The agency pointed to the significant improvement in investment climate, thanks to a series of economic policy packages released by the government since 2015.
The policy packages have also lifted Indonesia's ranking to 72nd out of 190 countries in the World Bank’s ease of doing business list.
JCR said the fast infrastructure development — 60 percent of Jokowi's projects are already under construction — has helped to boost Indonesia’s economy.
Under Jokowi’s administration, Southeast Asia’s largest economy has embarked on an ambitious plan to improve infrastructures across the archipelago.
It has 245 national strategic projects under way with an estimated total investment of $327.2 billion, or around 30 percent of the country's nominal gross domestic product.
"The government intends to actively mobilize funds, including external sources for infrastructure, while continuing to contain overall external borrowing," the report said.
"JCR will closely monitor whether fund procurement from the private sector for infrastructure will proceed as planned going forward," JCR said.
The rating agency will also monitor the country's tax revenues.
As the JCR report noted, Indonesia’s current account deficit has been narrowing in recent years — expected to stay around 2 percent of gross domestic product according to the International Monetary Fund — due to improving exports, reducing the country's dependency on offshore financing.

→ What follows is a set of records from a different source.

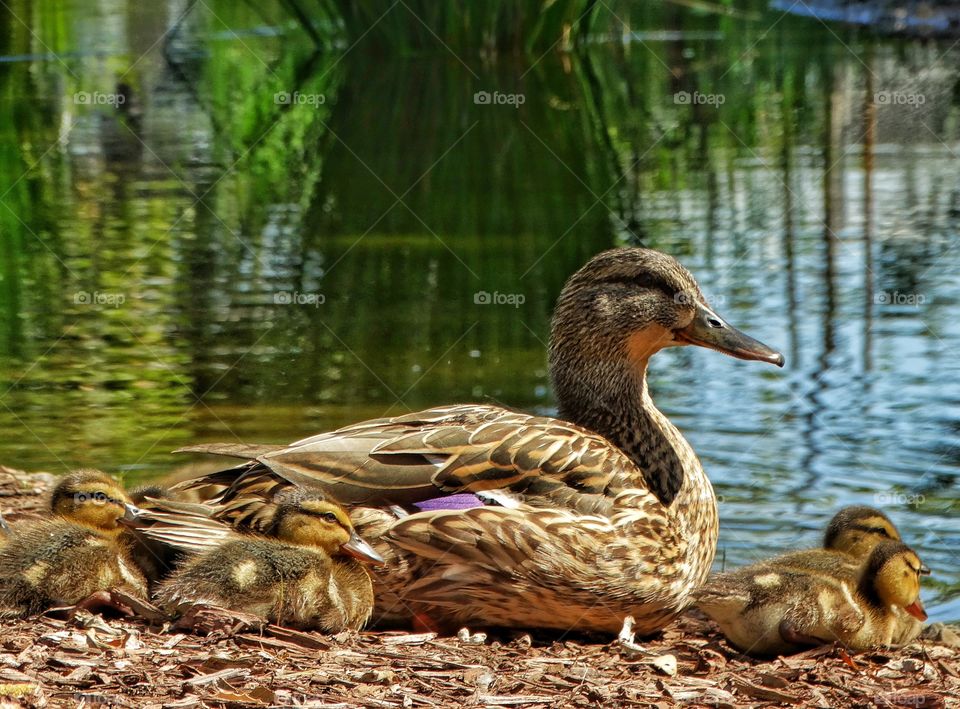 Mother Duck And Ducklings 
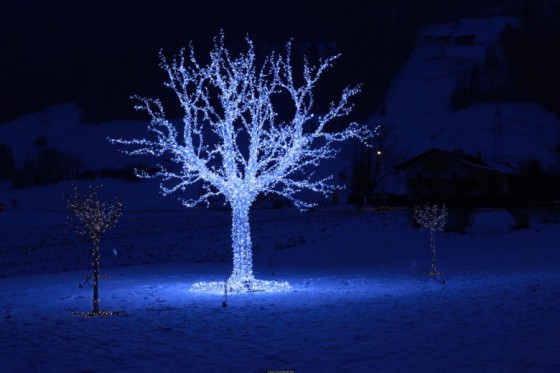 Arbre de Noel en Autriche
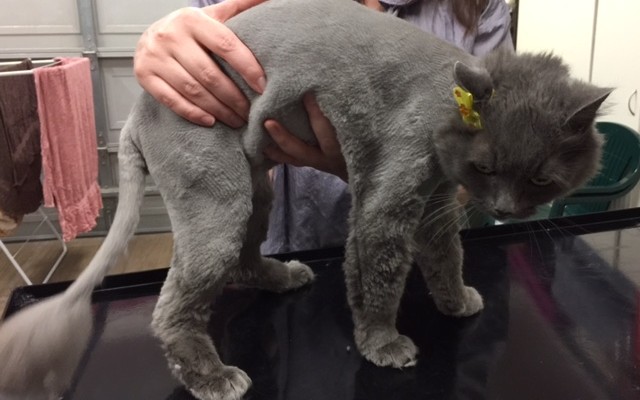 Pandora is a Long Hair Domestic.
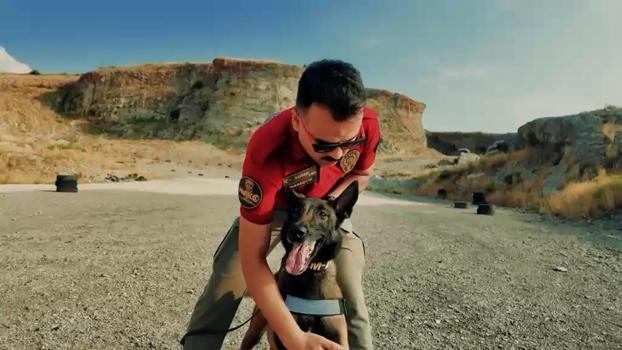 Jardi, 3'üncü kez Türkiye'nin en başarılı görev köpeği seçildi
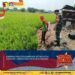 Tingkatkan Produksi Pangan, Babinsa Panceng Penuh Semangat Dampingi Petani Desa Siwalan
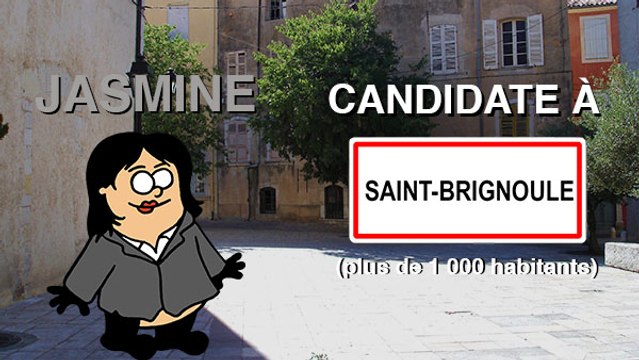 L'élection d'un maire dans une ville de plus de 1000 habitants (expliquée en patates)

Indonesia’s central bank, Bank Indonesia, has been tightening rules on borrowing from foreign sources since 2014, an effort which managed to shrink foreign debt made by the private sector by 5.6 percent annually to $158.7 million at the end of 2016 and kept it almost flat last year.

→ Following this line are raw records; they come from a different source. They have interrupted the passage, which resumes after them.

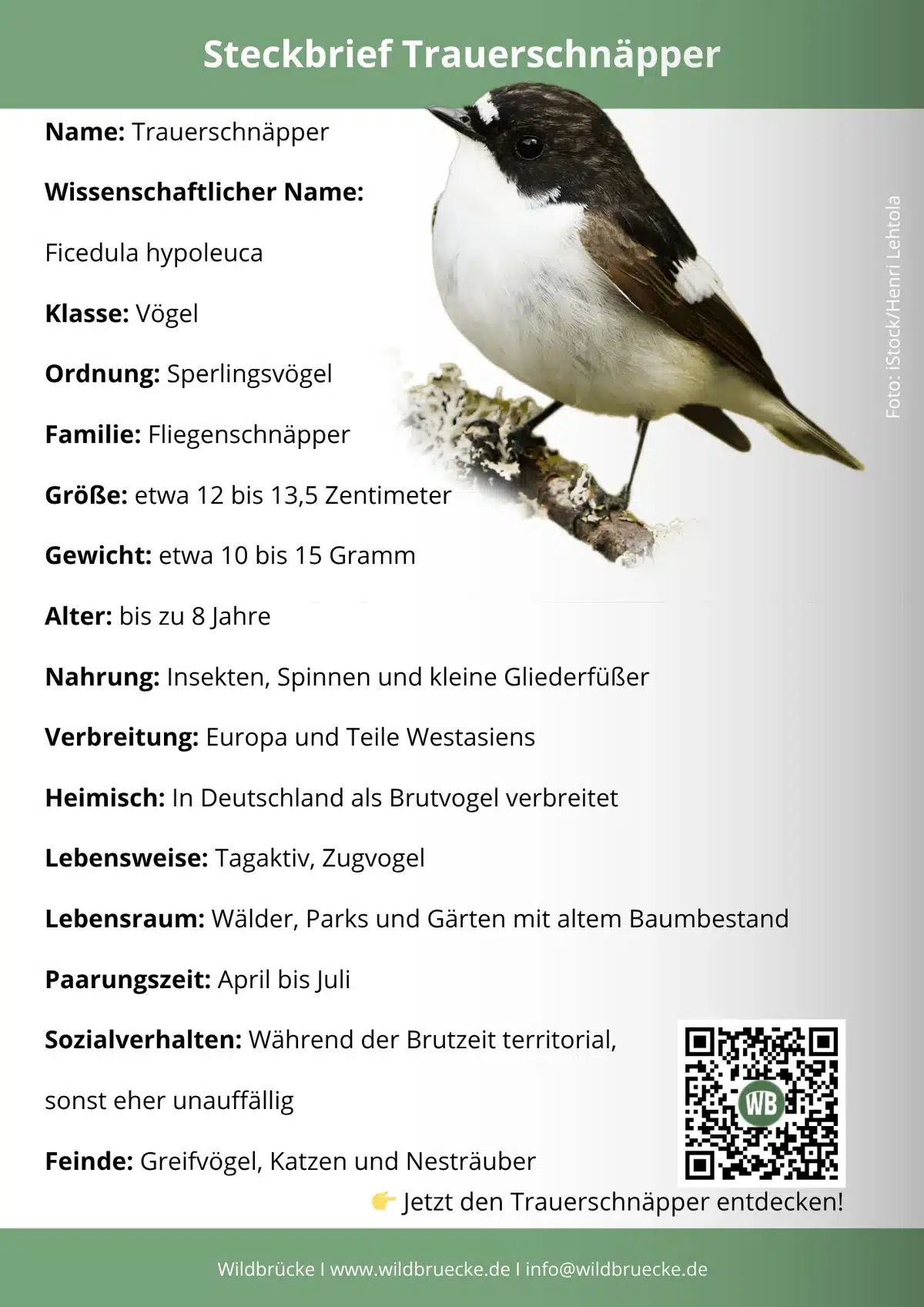 Trauerschnäpper Steckbrief - Vögel in Europa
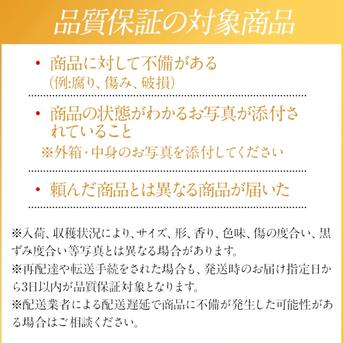 選果落ち 訳あり品 熊本産 ミニトマト＆アイコトマト 合計約1キロ【003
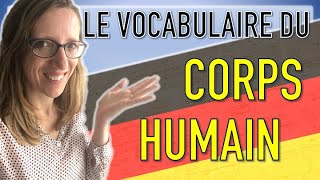 🇩🇪 Apprends le vocabulaire du CORPS HUMAIN en allemand [upl. by Assennav]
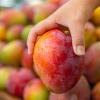 Selecting a mango at the grocery store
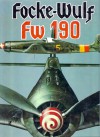 Focke-Wulf Fw 190 - Robert Grinsell, Rikyu Watanabe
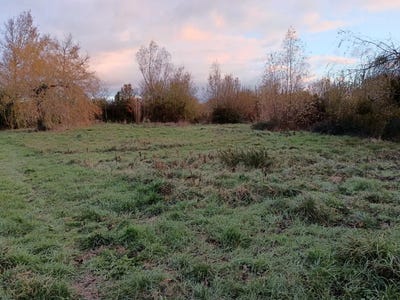 /international/fr/nueil-les-aubiers-charente-310103713776/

Bank Indonesia governor Agus Martowardojo welcomed JCR's outlook in a separate statement.
"The upgraded rating reflects the growing confidence of international institutions on Indonesia’s fundamental economic strength and the government’s commitment to improve its economic structure in the future," he said.
Agus said JCR’s outlook demonstrates a synergy between the central bank and the government to maintain macroeconomic stability and financial system to provide a conducive atmosphere for sustainable economic growth.
The central bank will continue to implement a consistent policy mix and maintain its coordination with the government, Agus also said.
Indonesia has secured investment grade ratings from the world’s "Big Three" credit rating agencies — Fitch Ratings, Standard & Poor’s and Moody’s — for the first time since 1997 after Standard & Poor’s granted a long-awaited investment grade status to Indonesia in May.